Tethering of functional polymer coatings via covalent bonding provides an effective way to modify catheter surface properties. The synthetic hydrophilic polymer, poly(ethylene glycol) (PEG), and its derivatives are the most widely used antifouling and antibacterial materials. However, PEG suffers from some limitations: PEG-coated surfaces are unable to reduce protein adsorption to very low levels due to their interactions with proteins, and they are also susceptible to oxidative degradation in the presence of oxygen and transitional metal ions which limits their long-term antifouling and antibacterial performance in vivo. Other synthetic polymers such as poly(acrylamide)s, poly(sulfobetaine methacrylate),3,4 poly(carboxybetaine methacrylate) and poly(peptoid)s have been extensively investigated for use as antifouling coatings.

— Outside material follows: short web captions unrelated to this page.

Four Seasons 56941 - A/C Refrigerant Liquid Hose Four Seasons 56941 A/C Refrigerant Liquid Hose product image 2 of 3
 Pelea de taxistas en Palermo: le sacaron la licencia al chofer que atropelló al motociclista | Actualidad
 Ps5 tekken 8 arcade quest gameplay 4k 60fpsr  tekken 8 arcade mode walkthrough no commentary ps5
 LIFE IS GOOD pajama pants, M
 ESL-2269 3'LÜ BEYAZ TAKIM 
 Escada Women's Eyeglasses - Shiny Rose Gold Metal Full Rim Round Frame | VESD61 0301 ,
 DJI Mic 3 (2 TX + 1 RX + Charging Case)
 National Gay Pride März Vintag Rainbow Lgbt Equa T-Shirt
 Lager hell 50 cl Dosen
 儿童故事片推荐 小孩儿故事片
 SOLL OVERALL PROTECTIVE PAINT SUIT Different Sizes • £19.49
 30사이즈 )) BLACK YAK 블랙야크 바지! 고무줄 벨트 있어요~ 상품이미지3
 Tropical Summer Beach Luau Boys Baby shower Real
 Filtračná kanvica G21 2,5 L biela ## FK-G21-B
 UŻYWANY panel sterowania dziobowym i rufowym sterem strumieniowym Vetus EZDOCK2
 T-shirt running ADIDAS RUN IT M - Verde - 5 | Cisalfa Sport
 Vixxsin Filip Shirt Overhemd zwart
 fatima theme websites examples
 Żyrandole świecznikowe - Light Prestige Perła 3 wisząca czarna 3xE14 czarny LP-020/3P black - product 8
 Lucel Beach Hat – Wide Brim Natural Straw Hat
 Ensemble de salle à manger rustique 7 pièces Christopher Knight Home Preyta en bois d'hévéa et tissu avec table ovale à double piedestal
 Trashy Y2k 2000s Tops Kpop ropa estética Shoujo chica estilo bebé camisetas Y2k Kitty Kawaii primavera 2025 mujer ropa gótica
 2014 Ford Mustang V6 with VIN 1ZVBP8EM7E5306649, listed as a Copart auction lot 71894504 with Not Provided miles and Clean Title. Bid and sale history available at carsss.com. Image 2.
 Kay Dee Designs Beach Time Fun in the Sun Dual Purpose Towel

Natural polymers, as compared with their synthetic counterparts derived from petrochemicals, provide an attractive alternative. Chitosan and its derivatives are the most widely used natural polymers for antibacterial coatings, but their antifouling properties are limited because of their strong interactions with proteins.5 Heparin (HEP), a commonly-used anticoagulant agent, has been reported to provide an antibacterial coating which can reduce infection both in vitro and in vivo.6 However, the antibacterial effect of HEP is still debatable. Some studies report that HEP does not significantly reduce biofilm formation by S. aureus and may even stimulate the process.7,8 Further, immobilization of protein-degrading enzymes, such as pronase and α-chymotrypsin, has been found to reduce protein adsorption on surfaces.9,10 
Agarose (AG) is a neutral polysaccharide, which is derived from agar. As a U. S. Food and Drug Administration (FDA) approved ingredient, AG is widely used in many fields of biomedical applications, such as nerve regeneration, drug and gene delivery, and dental impression due to its biocompatibility, stability and inertness. In earlier reports, AG, in the form of a film and hydrogel, was shown to resist Proteus mirabilis bacterial adhesion11 and marine fouling.12 
At present, surface modification of biomaterials such as silicone, polyurethane and titanium with covalently immobilized natural polymer coatings for the long-term improvement of its antifouling, antibacterial/antifungal and hemocompatible properties is lacking.